18. (SBU) Lipton told all interlocutors that the U.S. 
Congress was highly unlikely to appropriate money for budget 
assistance to Ukraine, especially in light of the 
Administration's pending request to bolster U.S. 
contributions to the IMF by $100 billion.  Thus, any further 
budget support for Ukraine would likely come through the IMF 
and the World Bank, pending satisfactory progress on 
conditionalities and approval by each institution's board. 
He also told Umanskiy that the idea of a donor's conference 
had little chance of success and should not be pursued. 
(Note:  Umanskiy was the only interlocutor who brought up the 
issue of bilateral budget support.  It appears that the 
President, Prime Minister, and their respective advisors had 
been warned off this topic by the Ukrainian embassy in 
Washington and/or by Deputy Prime Minister Nemyria, who had 
been told by high-level U.S. officials prior to the spring 
meetings of the IMF and World Bank that bilateral budget 
financing was not likely forthcoming from the U.S.  End note.) 
 
19. (SBU) In his discussion with Umanskiy, Lipton recounted 
his roundtable conversation with bankers, who had told him 
that NBU paper was a far more attractive investment that 
Ukrainian government bonds, because the NBU tended to pay 
more realistic interest rates on the debt it issued to banks. 
 He asked Umanskiy how the GOU intended to finance the 
deficit when, by all accounts, the international capital 
markets would remain frozen, particularly for countries like 
Ukraine, and when, domestically, there was either no market 
or a banking sector unwilling to lend to the government. 

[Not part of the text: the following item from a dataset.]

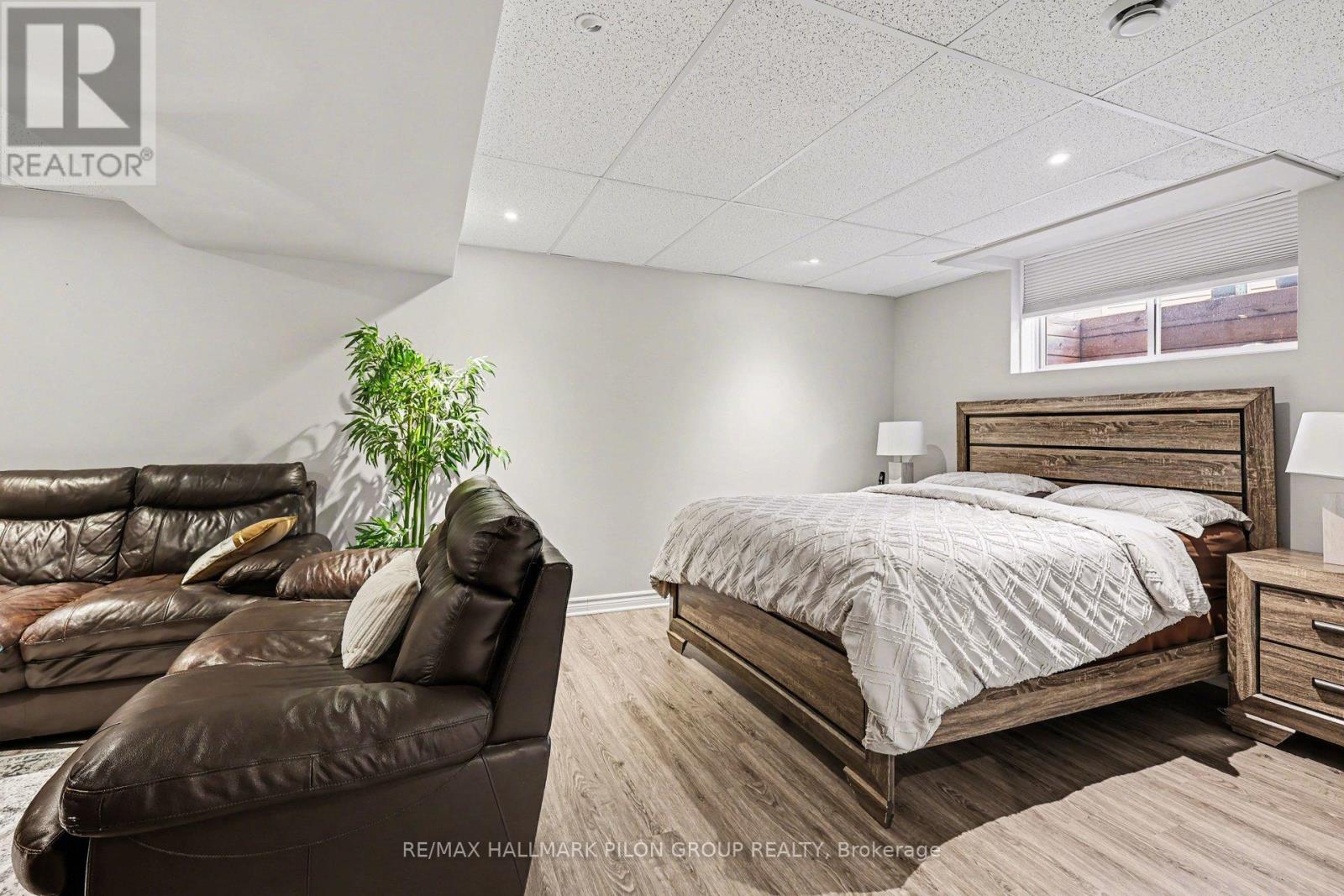 236 Esturgeon Street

Umanskiy conceded that the GOU had problems selling its debt 
domestically, but he said the MOF planned to coordinate its 
funding strategy more closely with the NBU.  He also said the 
GOU was planning to issue domestic bonds denominated in 
foreign currency that would target the large amounts of cash 
dollars being held by the country's population.  Bonds would 
be issued in both U.S. dollars and euros, and would carry an 
8 percent coupon.  The MOF also planned to issue 
UAH-denominated bonds with an interest rate of 16 percent. 

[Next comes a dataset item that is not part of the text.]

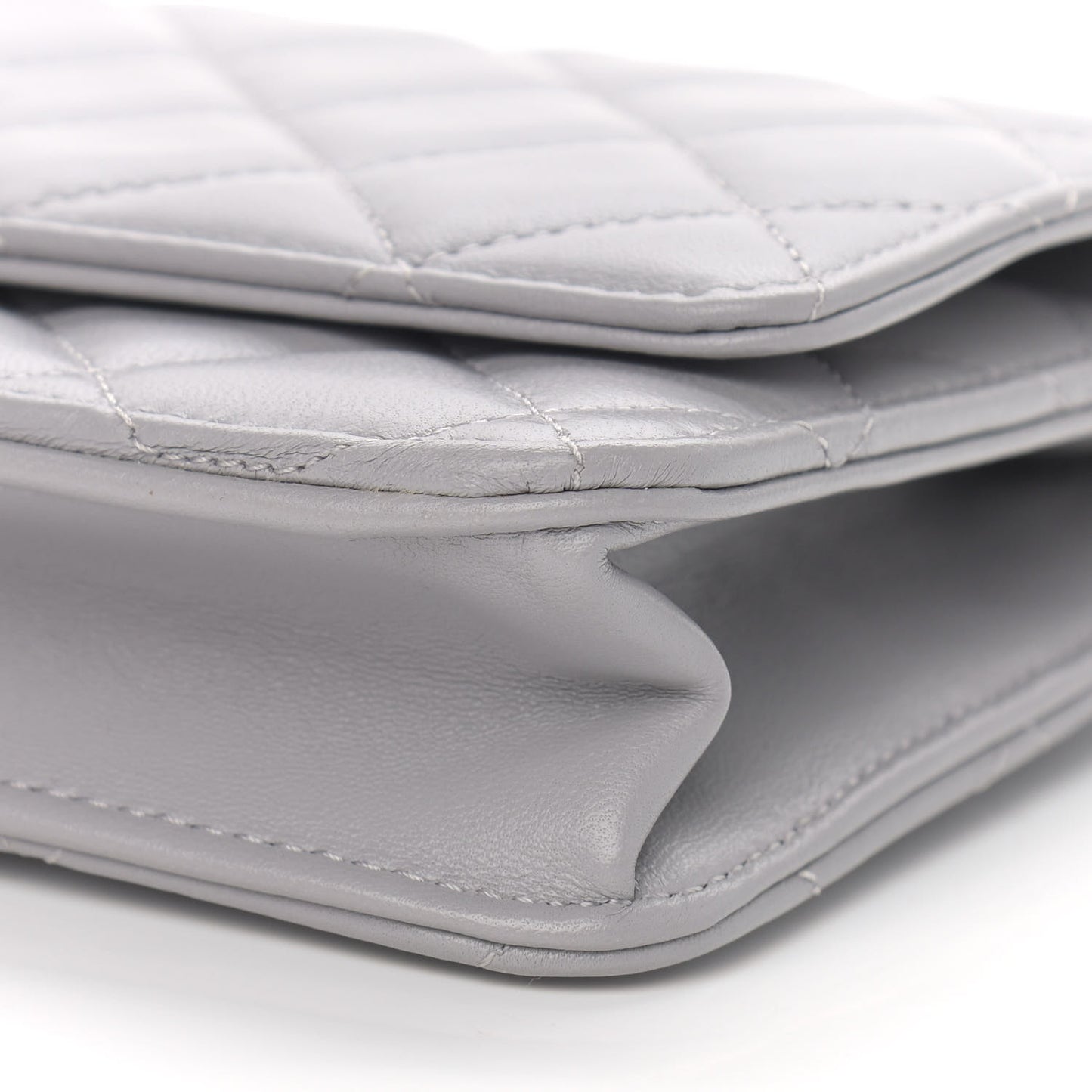 Lambskin Quilted CC Pearl Crush Wallet on Chain WOC Grey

He did not suggest that the proceeds would be sufficient to 
cover the remaining budget deficit in the absence of 
alternative sources of funding. 
 
Comment 
------- 
 
20. (SBU) Lipton's visit highlighted the enormous challenges 
still facing Ukraine's budget financing and banking sector. 
More than eight months since the crisis began, the country's 
bank recapitalization program is still not off the ground, 
with key procedural impediments being complicated by 
administrative ineffectiveness in the government and NBU.  A 
plan for the budget and banks may be in place, but questions 
 
KYIV 00000793  005 OF 005 
 
 
about the adequacy of crisis response linger as each lacks 
clarity, requires significant financing, and may turn out to 
be hamstrung by politics, corruption, and bureaucratic 
inefficiency.  End comment. 
 
21.  (SBU) Treasury DAS Meyer cleared this cable.